= HIV/AIDS in Sudan =

Sudan is bordered by seven countries in which HIV/AIDS is highly prevalent, therefore Sudan is susceptible to an increase in HIV/AIDS prevalence. In 1986, the first case of HIV and AIDS in Sudan was reported. Sudan's HIV epidemiological situation is currently classified as a low epidemic, as of July 2011.

== Transmission ==
The main mode of transmission worldwide is through heterosexual contact, which is no different in Sudan. In Sudan, heterosexual transmission accounted for 97% of HIV positive cases.

== Prevalence ==
As of January 5, 2011, the adult (15–49) prevalence in Sudan was found to be 0.4%, an estimated 260,000 were living with HIV and there were 12,000 HIV related annual deaths. A population based study was conducted in 2002 which estimated the sero-prevalence to be 1.6%. According to recent studies, the HIV and AIDS prevalence in Sudan among blood donors has increased from 0.15% in 1993 to 1.4% in 2000. Sudan is considered to be a country with an intermediate HIV and AIDS prevalence by the World Health Organization (WHO).
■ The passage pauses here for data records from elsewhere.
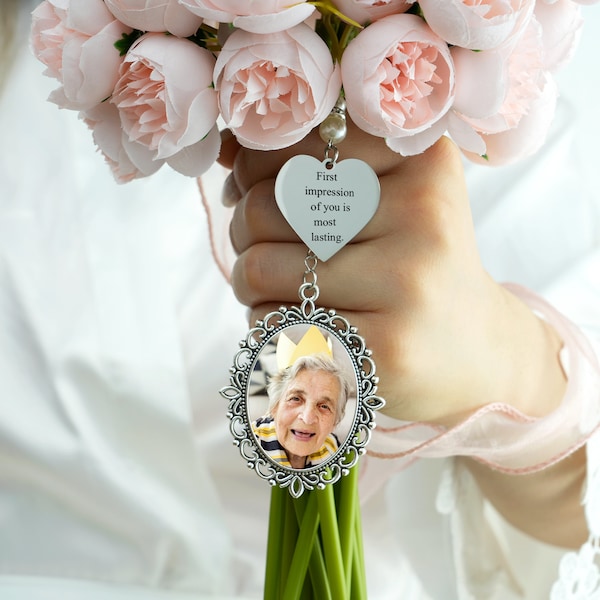 Photo Wedding Bouquet Charm, Bride Bouquet Charm, Personalized Gift for Bride, Bride Wedding Memorial Photo Charm, Bridal Bouquet Pins Charm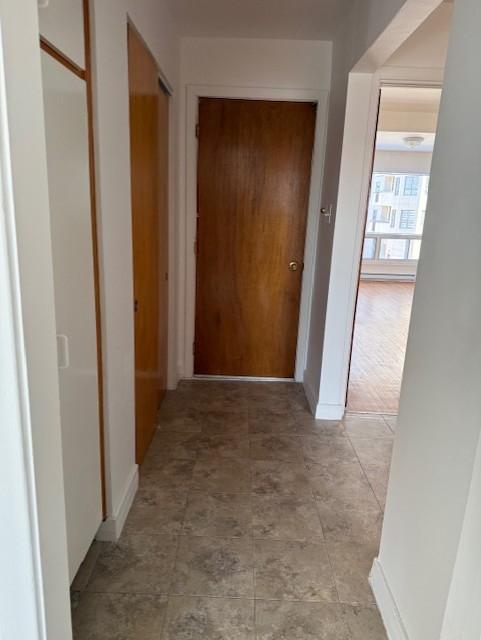 GRAND 3 1/2 A LOUER A ST. LEONARD, D'UN TRIPLEX | 3191838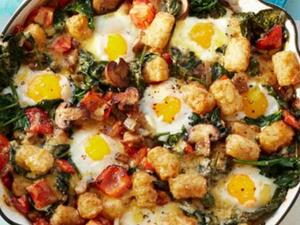 صينية البيض والبطاطا لصباح عيد الفصح المجيد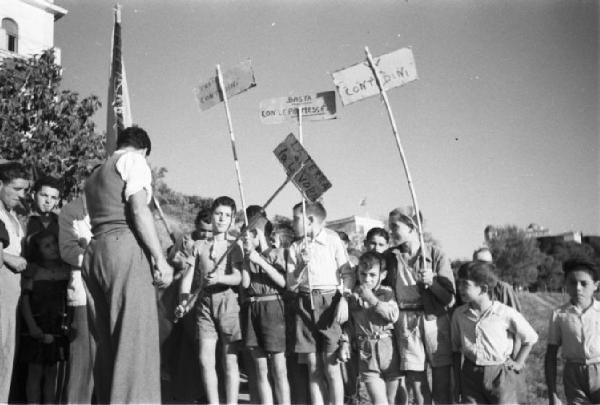 Invasione delle terre. Contadini che manifestano. I bambini in primo piano tengono in mano cartelli di protesta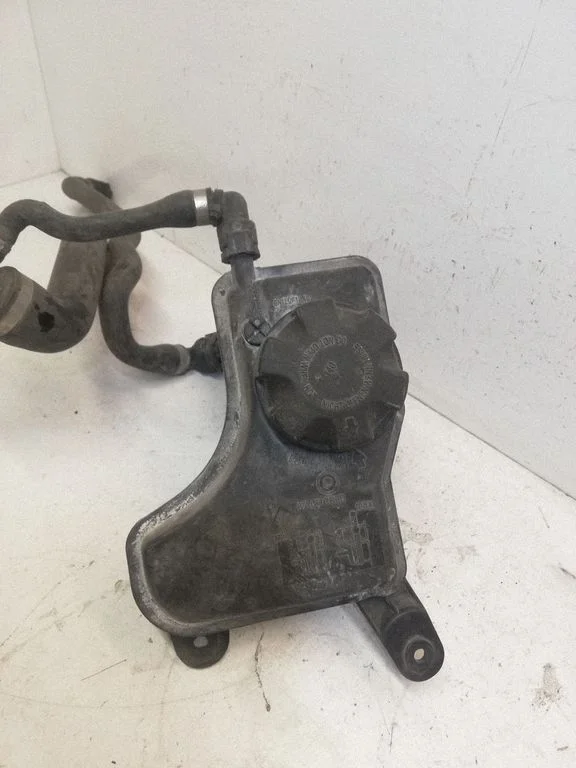 Jahutusvedeliku paisupaak – BMW 1-seeria E82 E88 (2007-2014)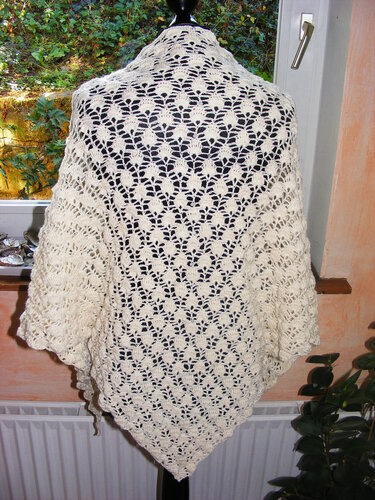 Häkelanleitung Dreieckstuch "Barockmustertuch 3D" - Bild 2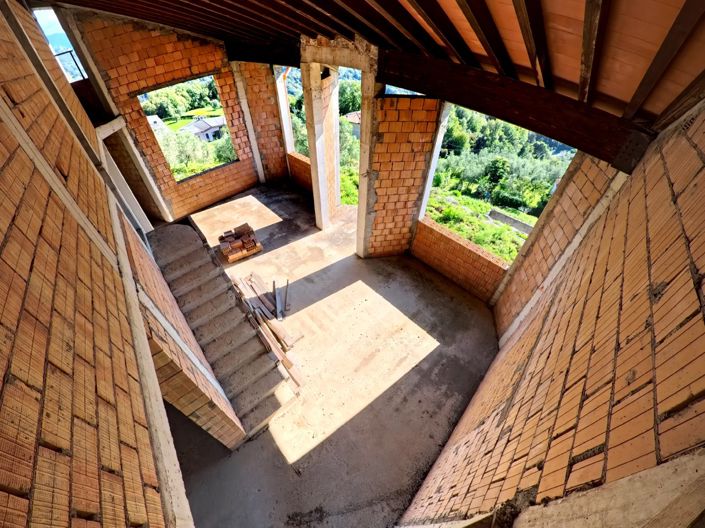 Image No.13-3 Bed House for sale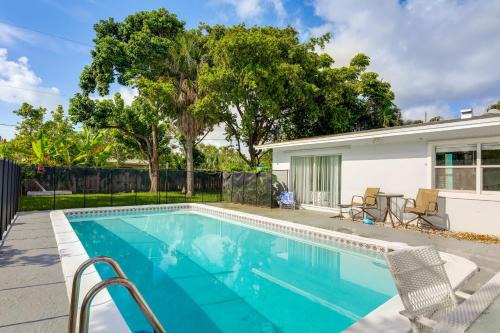 Lake Park Casa | 3 Mi to Riviera Beach! Group-Friendly Home with Yard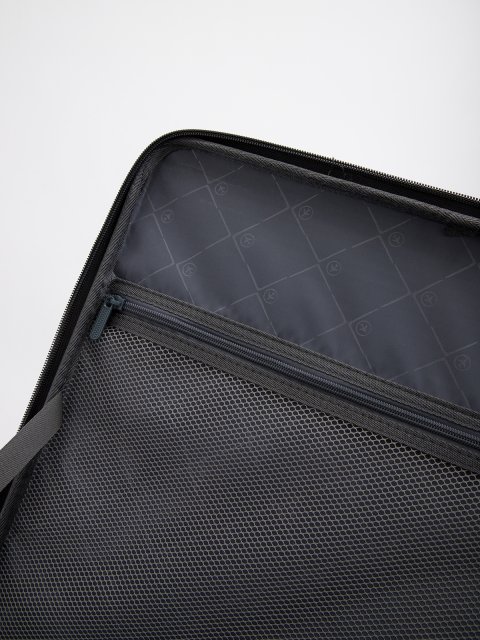 8085 51 28" Чемодан. Вид 14.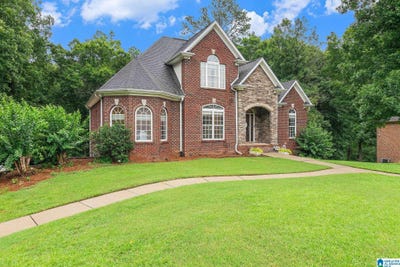 /international/us/7805-rock-creek-circle-bessemer-al-110100257476/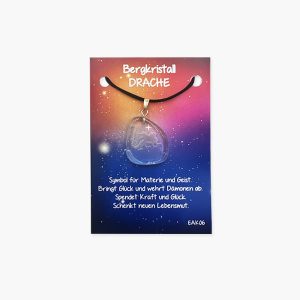 Bergkristall Energie Amulett mit Drache Gravur auf kleiner Karte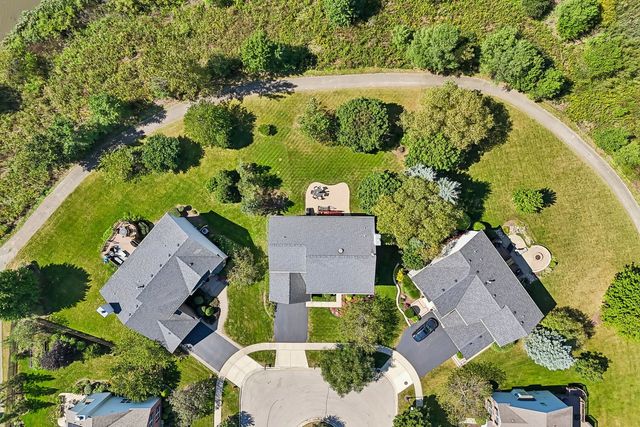 35 Oakview Court, South Elgin, IL 60177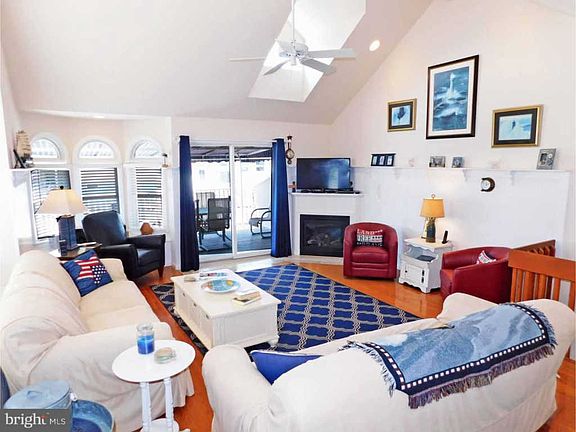 4th image of 137 51st St #E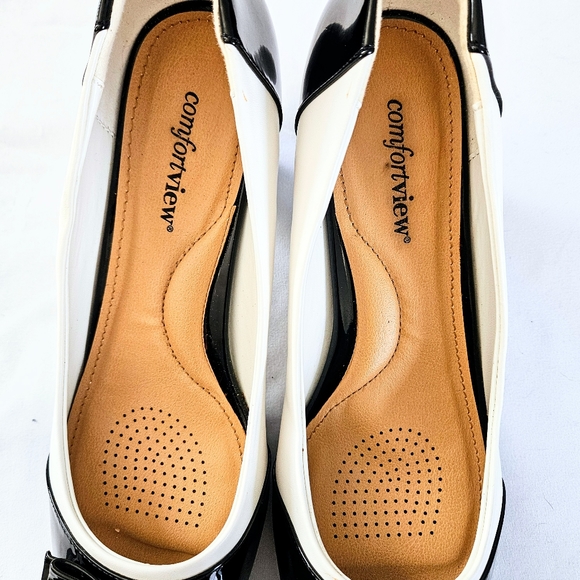 EUC Comfortview Classic B&W Vintage Oxford-style Peep Toe Pumps w/ Bow 9.5 Wide - Picture 5 of 15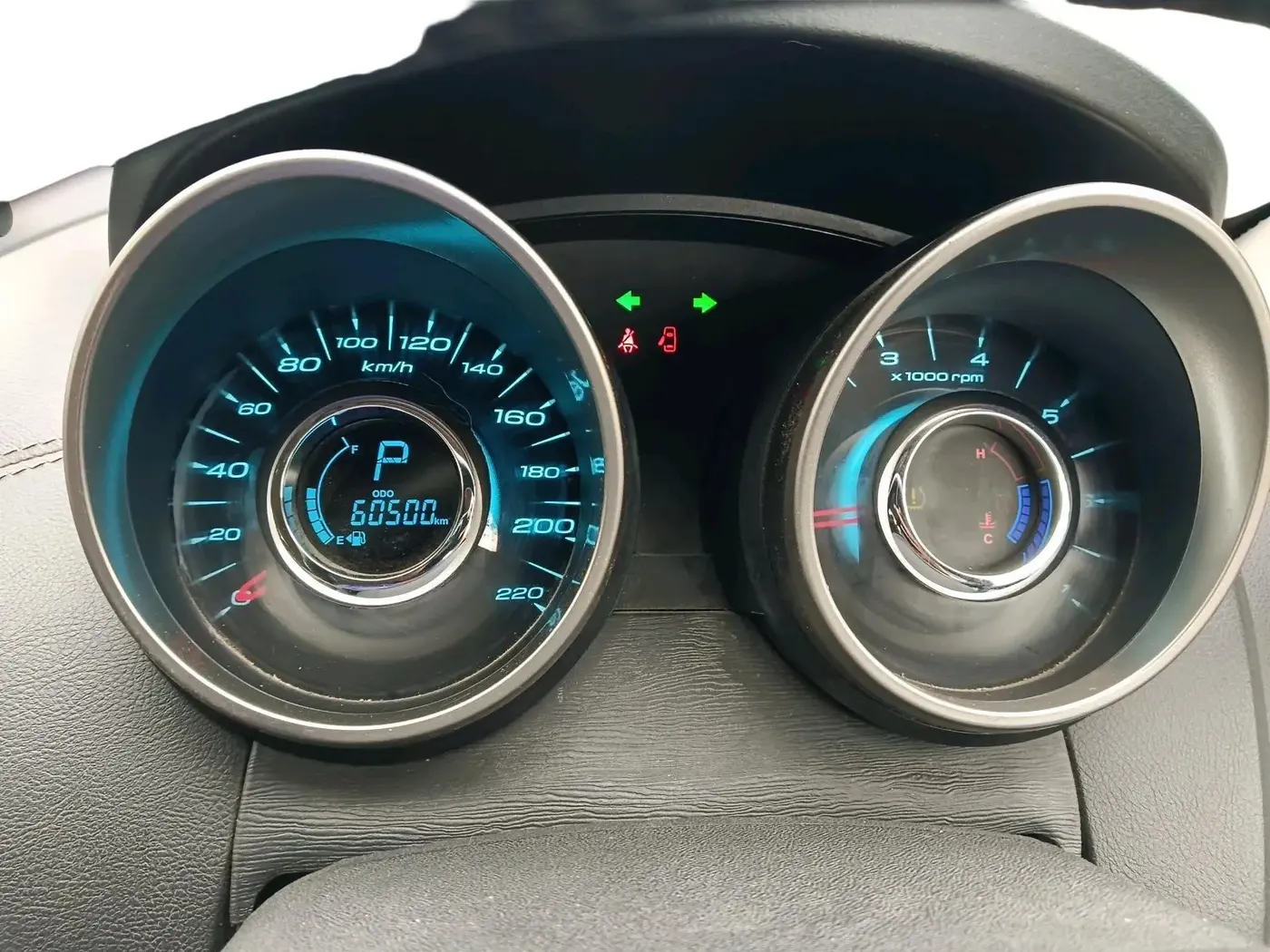 2019 Mahindra XUV500 W11 AT, Diesel, Automatic, 60,700 km, interior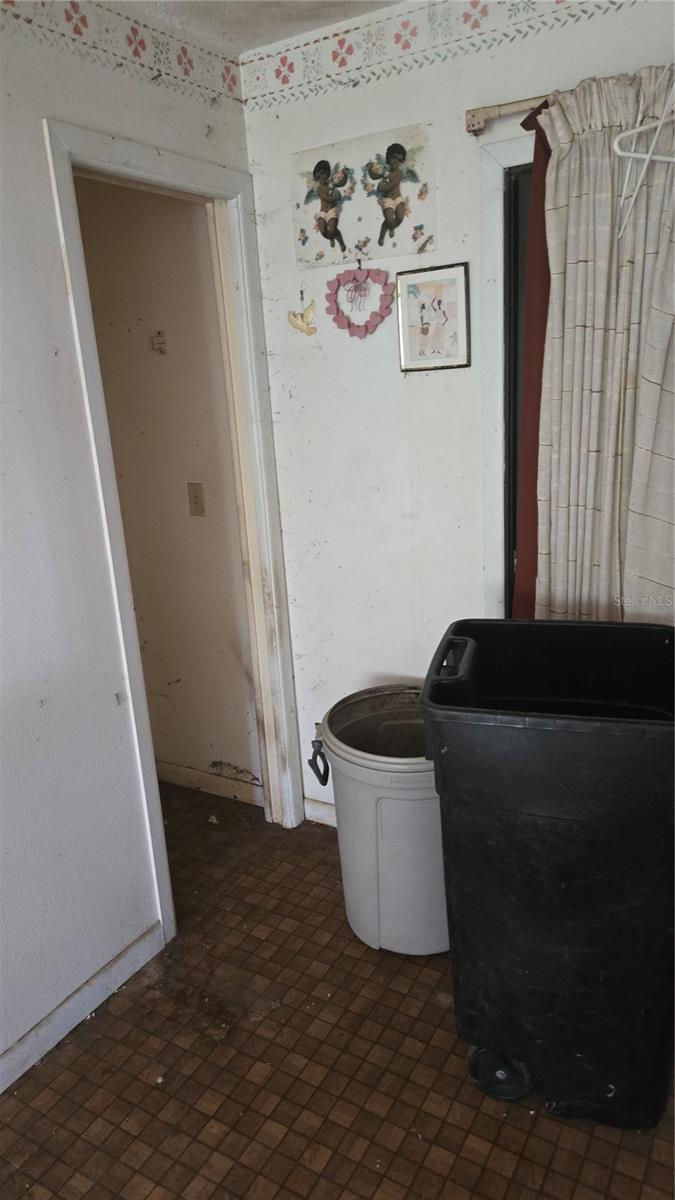MOUNT PLEASANT - Residential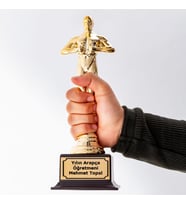 Yılın Arapça Öğretmeni Oscar Ödülü Heykeli
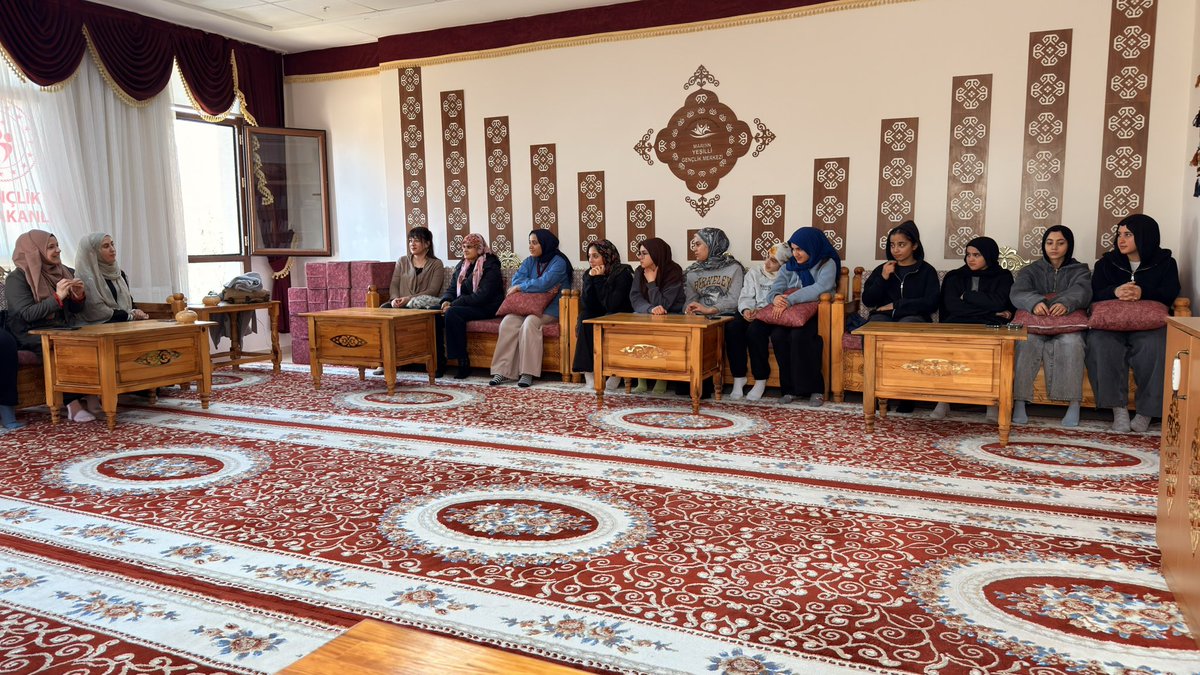 MtalYesilli's tweet photo. -Maarifin Kalbinde Ramazan-
“Ramazanı gösterince takvim
onun maneviyatıyla doluyor her an”

Kızlarımıza mukabele ve dini sohbet deneyimi yaşatmak adına ilçemizin gençlik merkezine konuk olduk
Hoş bulduk,hoş ayrıldık.
@gsb_yesilligm
#cumhuriyetteramazan
@Yesillimem1
@MstfaKAHRAMAN https://t.co/lsVoq0YfaU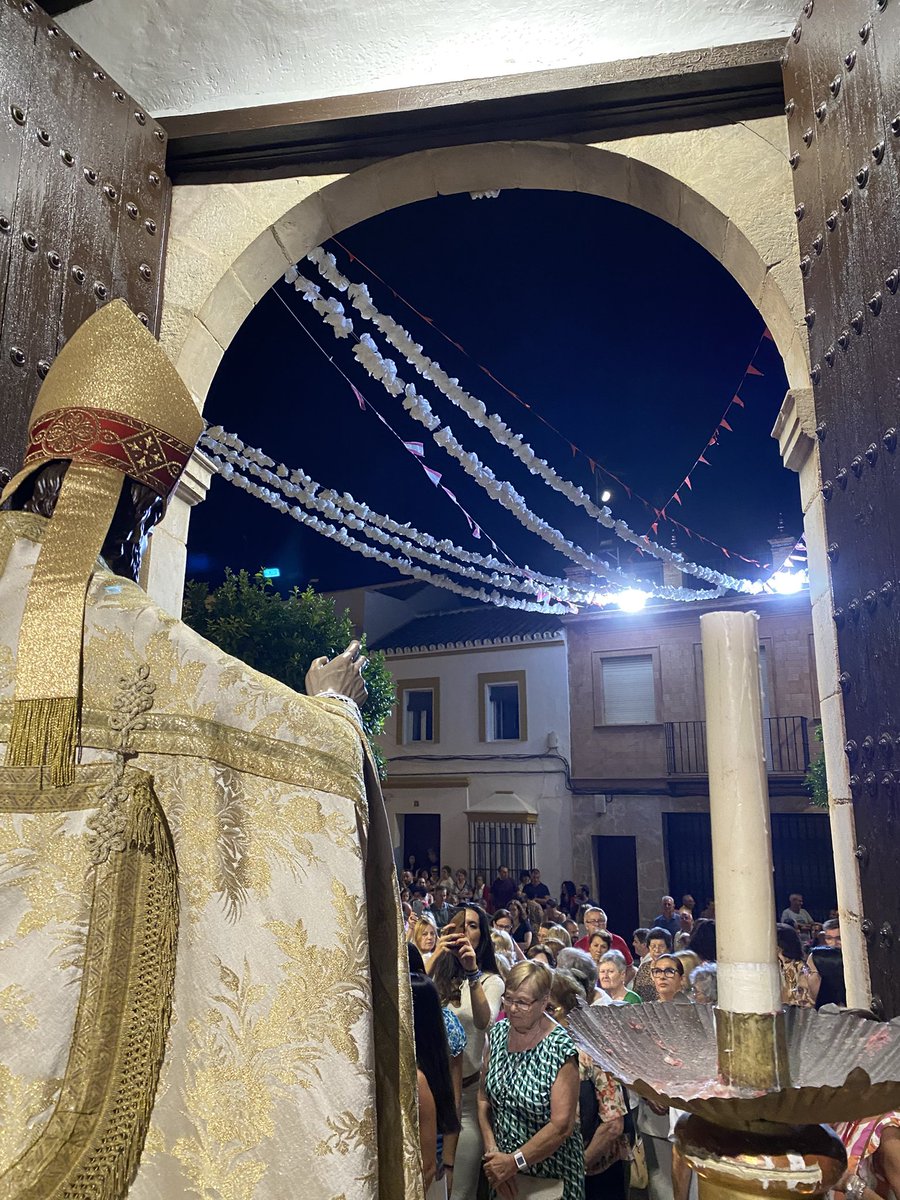 JuanLabado00's tweet photo. La Piedad Popular en el 41610 se llama San Eutropio.

Patrón de esta Villa de Paradas desde 1758 mediante Bula Papal, aunque desde la fundación del pueblo (1460) se le rinde culto y se le levanta la Parroquia en su nombre.

A San Eutropio debe este pueblo los favores recibidos. https://t.co/S7e863Fpuh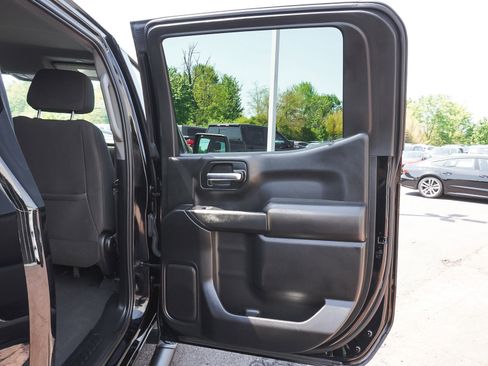 Used 2024 Chevrolet Silverado 1500 Custom w/ Rally Edition AWD/4WD image 11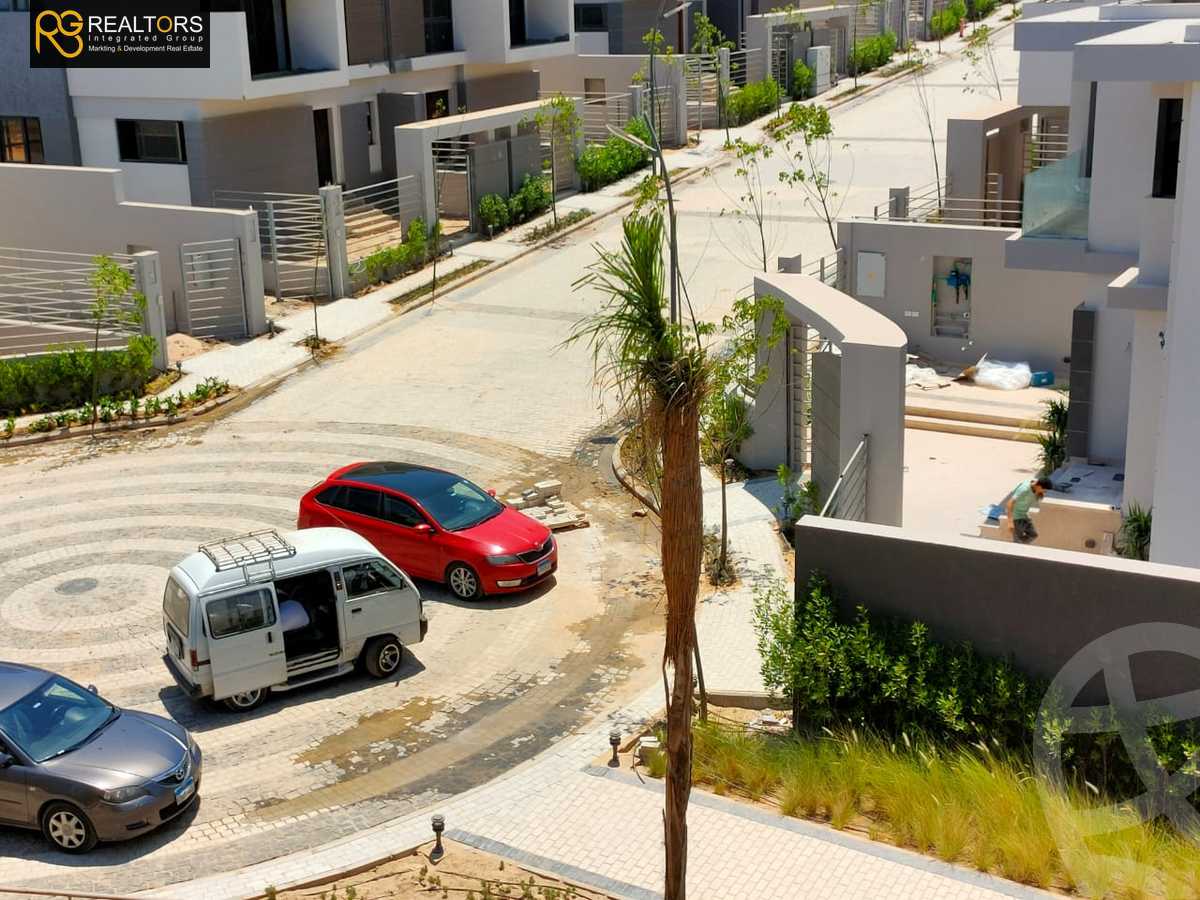 https://aqarmap.com.eg/en/listing/4211809-for-sale-cairo-el-sheikh-zayed-city-compounds-in-sheikh-zayed-el-patio-zahraa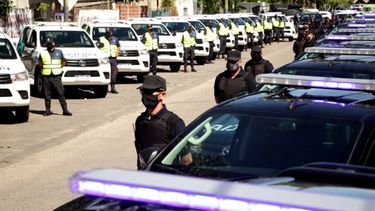 con la presencia de kicillof, se presentaron 40 nuevos patrulleros para pilar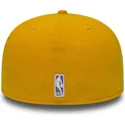 shapka-ploska-zhlt-prilepnala-59fifty-essential-na-los-angeles-lakers-nba-ot-new-era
HIV/AIDS estimates as of 2014:

| HIV prevalence | 53,000 [41,000–69,000] |
| Ages 15–49 prevalence rates | 0.2% [0.2–0.3%] |
| Ages 15 and above living with HIV | 49,000 [38,000–63,000] |
| Women aged 15 and above living with HIV | 23,000 [18,000–29,000] |
| Ages 0–14 living with HIV | 4,300 [3,600–5,200] |
| AIDS related deaths | 2,900 [2,200–4,200] |

== Treatment, care and support ==
HIV/AIDS related-services have been introduced in all the states of Sudan. Free services have been provided across the country, which have significantly improved the life of people living with HIV.

== Government policy ==
As recently as 1998, the Sudanese government denied that HIV/AIDS posed any significant health threat to its citizenry. Only in 2004 did the government reverse its policy and officially begin planning to address the problem. As of 2007, both Northern and Southern governments were developing policies to curb future cases and to treat those already infected. The minister of health in the North noted problems with the use of condoms as a preventive measure, and religious leaders were reluctant to discuss prevention methods beyond abstinence and monogamous marriage. Not surprisingly, citizens' knowledge about HIV/AIDS is limited.